> EXERCISE BRIEF
Give the data below again exactly, and drop each picture from it.

[Web page caption snippets]
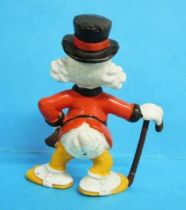 Scrooge - PVC figures Bully 1977 - Scrooge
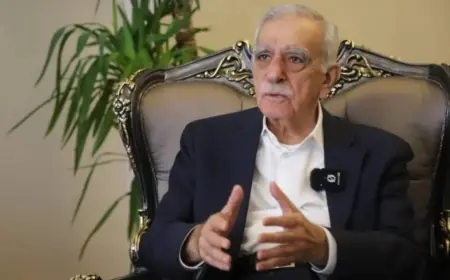 Mardin’de kayyum iptali için açılan davaya ret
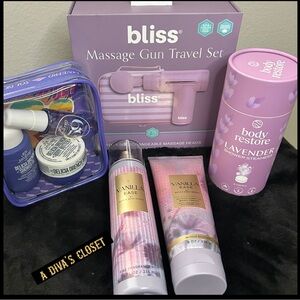 Relaxation Bundle 🥰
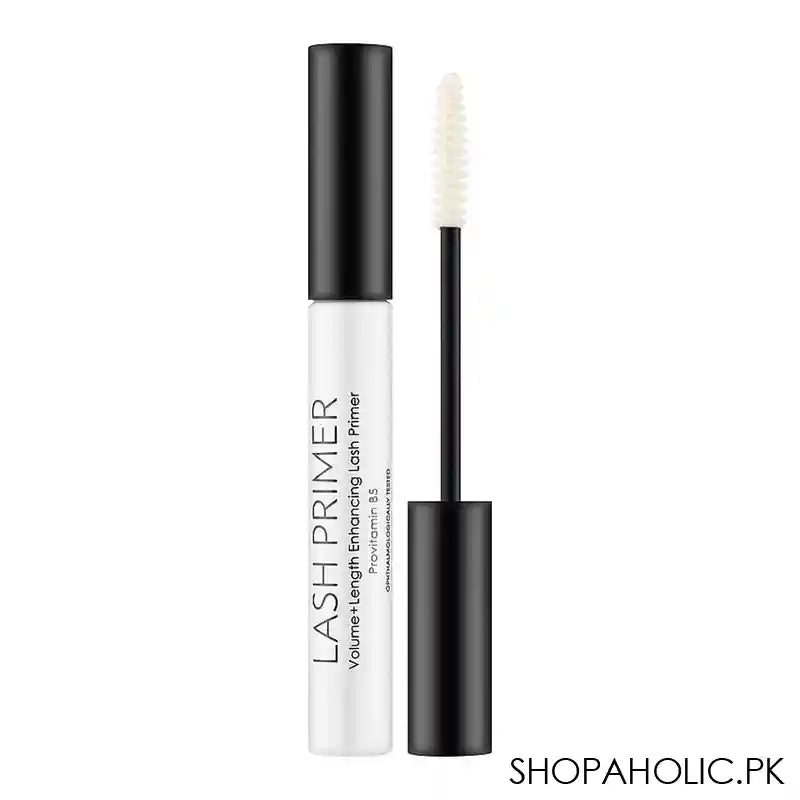 Golden Rose Volume Length Enhancing Lash Primer With provitamin B5 - Main Image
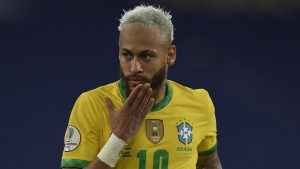 Müller : « Neymar Ne Remportera Jamais Le Ballon D&Rsquo;Or »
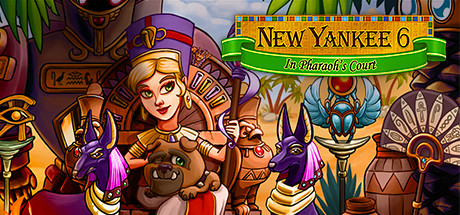 game-giveaway-of-the-day-—-new-yankee-6:-in-pharaoh’s-court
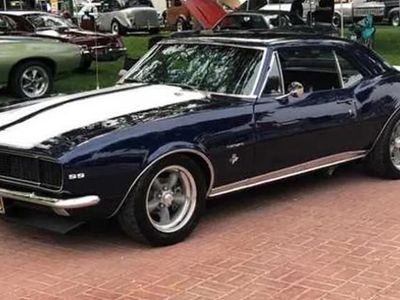 Occasion 1966 Chevrolet Camaro | 85 500 €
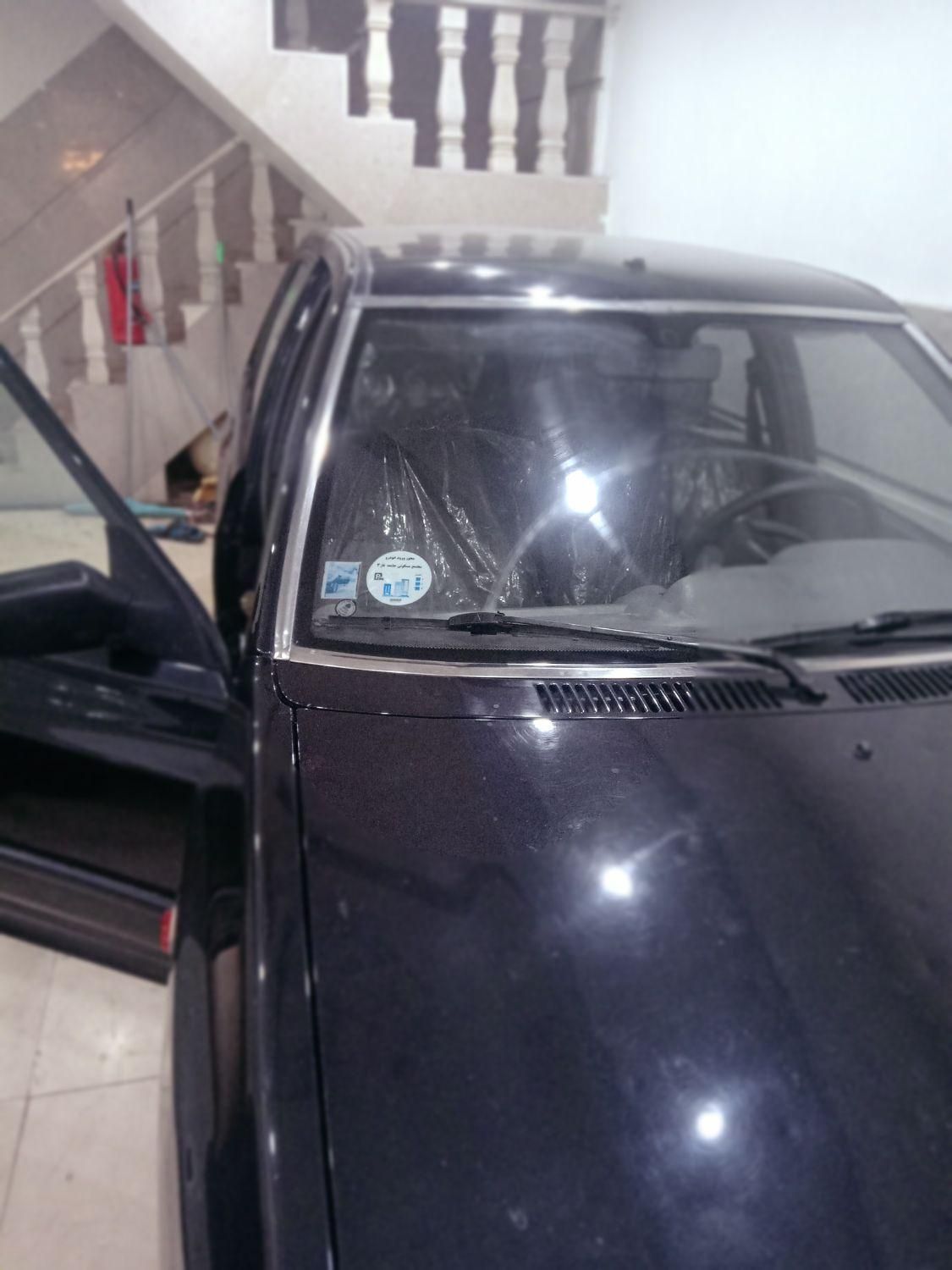 پراید 131 SE - 1392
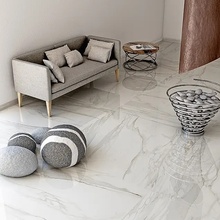 Tuscania White Marble 30,4x61 - foto de interior 1 Tuscania White Marble 30,4x61 - foto de interior 1 - foto 1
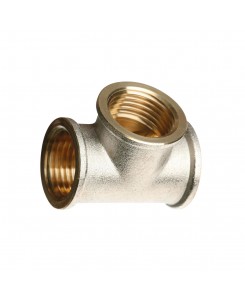 T-CONNECTOR 1/2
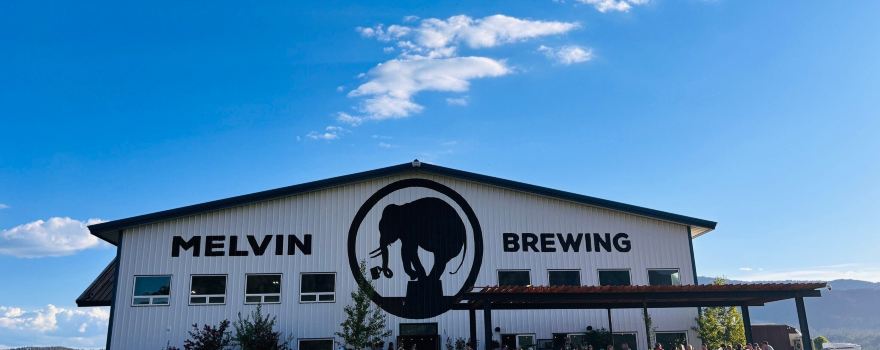 Melvin Taproom & Kitchen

> RESPONSE AREA
 Scrooge - PVC figures Bully 1977 - Scrooge
 Mardin’de kayyum iptali için açılan davaya ret
 Relaxation Bundle 🥰
 Golden Rose Volume Length Enhancing Lash Primer With provitamin B5 - Main Image
 Müller : « Neymar Ne Remportera Jamais Le Ballon D&Rsquo;Or »
 game-giveaway-of-the-day-—-new-yankee-6:-in-pharaoh’s-court
 Occasion 1966 Chevrolet Camaro | 85 500 €
 پراید 131 SE - 1392
 Tuscania White Marble 30,4x61 - foto de interior 1 Tuscania White Marble 30,4x61 - foto de interior 1 - foto 1
 T-CONNECTOR 1/2
 Melvin Taproom & Kitchen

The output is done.